Pages

Saturday, September 01, 2012

Ineffective Force

Responding to terrorism with force does not create more terrorists. Responding with ineffective force creates more terrorists. Russia has demonstrated the ineffective use of force.

During the days of the Iraq War when many war supporters urged that we "take off the gloves" and kill our way to victory, I argued against that practice as immoral, ineffective, and damaging to our troops. Not that I agreed that fighting just made more enemies. Yes, we needed to kill the enemy fighters. But we had to do it in a way that helped protect our civilian friends without alienating them, give neutral civilians a reason to stay neutral or come to our side as a better alternative to the enemy, and isolate enemy civilians to prevent them from aiding the enemy fighters and nudge those enemies to drift into neutrality or friendship. That's an effective use of force and doesn't require our troops to lose their humanity.

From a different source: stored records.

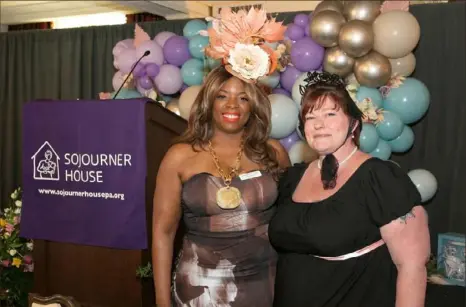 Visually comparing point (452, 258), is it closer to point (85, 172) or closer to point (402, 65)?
point (402, 65)

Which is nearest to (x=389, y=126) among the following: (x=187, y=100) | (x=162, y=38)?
(x=187, y=100)

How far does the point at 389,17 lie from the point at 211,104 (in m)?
1.97

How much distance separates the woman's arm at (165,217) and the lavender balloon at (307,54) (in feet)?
5.94

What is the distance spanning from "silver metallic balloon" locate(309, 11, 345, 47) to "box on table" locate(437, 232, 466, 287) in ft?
5.20

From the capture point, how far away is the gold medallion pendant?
2.13 metres

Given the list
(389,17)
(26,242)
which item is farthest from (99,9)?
(389,17)

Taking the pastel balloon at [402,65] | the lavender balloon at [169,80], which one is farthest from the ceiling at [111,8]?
the pastel balloon at [402,65]

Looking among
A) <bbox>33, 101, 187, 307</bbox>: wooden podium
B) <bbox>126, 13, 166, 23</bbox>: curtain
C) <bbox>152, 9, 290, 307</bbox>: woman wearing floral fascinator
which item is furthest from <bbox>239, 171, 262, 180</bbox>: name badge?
<bbox>126, 13, 166, 23</bbox>: curtain

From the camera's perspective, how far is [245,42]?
2.31 metres

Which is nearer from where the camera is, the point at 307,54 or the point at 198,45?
the point at 307,54

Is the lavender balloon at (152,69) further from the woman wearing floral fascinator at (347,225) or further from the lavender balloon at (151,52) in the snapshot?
the woman wearing floral fascinator at (347,225)

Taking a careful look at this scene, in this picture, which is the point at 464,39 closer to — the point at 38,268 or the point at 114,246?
Answer: the point at 114,246

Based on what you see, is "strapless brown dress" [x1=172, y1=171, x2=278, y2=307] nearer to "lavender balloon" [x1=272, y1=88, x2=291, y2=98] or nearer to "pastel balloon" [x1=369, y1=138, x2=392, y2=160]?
"pastel balloon" [x1=369, y1=138, x2=392, y2=160]

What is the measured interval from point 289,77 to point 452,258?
169 cm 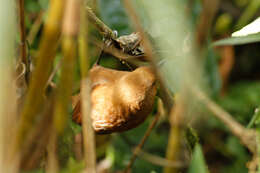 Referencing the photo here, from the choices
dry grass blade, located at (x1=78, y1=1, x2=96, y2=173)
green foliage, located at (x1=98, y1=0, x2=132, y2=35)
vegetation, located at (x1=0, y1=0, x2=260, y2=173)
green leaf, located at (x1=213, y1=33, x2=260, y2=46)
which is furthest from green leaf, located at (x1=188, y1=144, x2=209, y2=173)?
green foliage, located at (x1=98, y1=0, x2=132, y2=35)

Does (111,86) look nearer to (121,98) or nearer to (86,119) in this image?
(121,98)

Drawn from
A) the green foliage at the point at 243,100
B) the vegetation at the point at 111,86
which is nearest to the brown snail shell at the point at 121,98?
the vegetation at the point at 111,86

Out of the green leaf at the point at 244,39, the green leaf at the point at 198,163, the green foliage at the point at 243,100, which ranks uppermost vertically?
the green leaf at the point at 244,39

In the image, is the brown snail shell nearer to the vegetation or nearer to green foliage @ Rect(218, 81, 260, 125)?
the vegetation

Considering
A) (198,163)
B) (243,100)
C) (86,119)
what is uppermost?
(86,119)

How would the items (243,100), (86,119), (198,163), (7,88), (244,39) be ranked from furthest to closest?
(243,100), (244,39), (198,163), (86,119), (7,88)

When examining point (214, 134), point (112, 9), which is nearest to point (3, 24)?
point (112, 9)

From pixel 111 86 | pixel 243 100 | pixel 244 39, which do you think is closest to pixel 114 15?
pixel 111 86

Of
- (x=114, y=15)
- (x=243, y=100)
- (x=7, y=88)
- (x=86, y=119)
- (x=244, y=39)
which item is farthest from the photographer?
(x=243, y=100)

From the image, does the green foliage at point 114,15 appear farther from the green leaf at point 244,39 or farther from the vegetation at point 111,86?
the green leaf at point 244,39

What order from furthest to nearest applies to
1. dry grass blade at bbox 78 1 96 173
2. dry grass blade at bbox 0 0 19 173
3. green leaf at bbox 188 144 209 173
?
1. green leaf at bbox 188 144 209 173
2. dry grass blade at bbox 78 1 96 173
3. dry grass blade at bbox 0 0 19 173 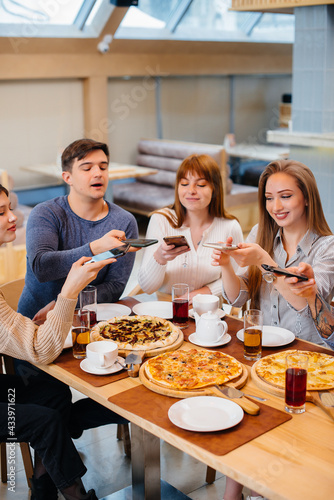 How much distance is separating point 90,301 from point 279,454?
1029 mm

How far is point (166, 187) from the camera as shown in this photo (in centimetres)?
730

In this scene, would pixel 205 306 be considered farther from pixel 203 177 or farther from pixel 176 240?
pixel 203 177

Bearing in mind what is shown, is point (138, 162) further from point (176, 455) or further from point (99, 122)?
point (176, 455)

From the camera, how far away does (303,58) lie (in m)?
4.88

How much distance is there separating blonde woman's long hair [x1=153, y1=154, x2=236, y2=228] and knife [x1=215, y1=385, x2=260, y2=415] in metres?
1.30

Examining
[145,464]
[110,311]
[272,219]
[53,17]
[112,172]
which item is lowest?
[145,464]

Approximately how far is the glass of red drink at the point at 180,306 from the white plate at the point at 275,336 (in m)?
0.23

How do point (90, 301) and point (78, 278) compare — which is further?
point (90, 301)

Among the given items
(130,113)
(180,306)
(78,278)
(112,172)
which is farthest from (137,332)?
(130,113)

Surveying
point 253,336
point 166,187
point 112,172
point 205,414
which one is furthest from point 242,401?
point 166,187

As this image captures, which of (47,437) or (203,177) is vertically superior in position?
(203,177)

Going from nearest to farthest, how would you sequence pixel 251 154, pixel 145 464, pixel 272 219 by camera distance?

We're out of Iraq, and despite tensions, Iraq is still our friend that doesn't need the presence of US troops to enforce that relationship; and Iraqis continue to fight the enemies we helped knock down:

Militants killed 164 Iraqis in August, half the number killed in July, as security forces wrestled with a stubborn insurgency, figures from government ministries showed.

According to the data, 90 civilians, 39 soldiers and 35 policemen were killed last month and 260 Iraqis were injured.

Russia is showing us that despite the carnage that quieted down their Caucasus region, their level of brutality was an ineffective use of force:

Strongarm tactics such as these were put on hold during the Dmitri Medvedev presidency, which saw the beginnings of a more constructive, if slower, response to the situation, in the eyes of some. But with Vladimir Putin’s reelection, what critics call the “Chechnya model” has returned to Dagestan: hardline repression and no-holds-barred counterinsurgency. Whether this will bring the conflict to a head or draw out the battle lines even farther remains to be seen. But in the Caucasus and beyond, the specter of radical Islam will haunt Russia for years to come.

Strongarm tactics invites anger and recruit more enemies. Mind you, sheer bloody "no holds barred" brutality is capable of subduing rebels if carried out long enough. Is Russia willing to simply keep killing civilians in large numbers until the surviving people there are simply stunned into submission?

But that only works for a generation or two, of course. Our way is better if sometimes frustrating in the short run.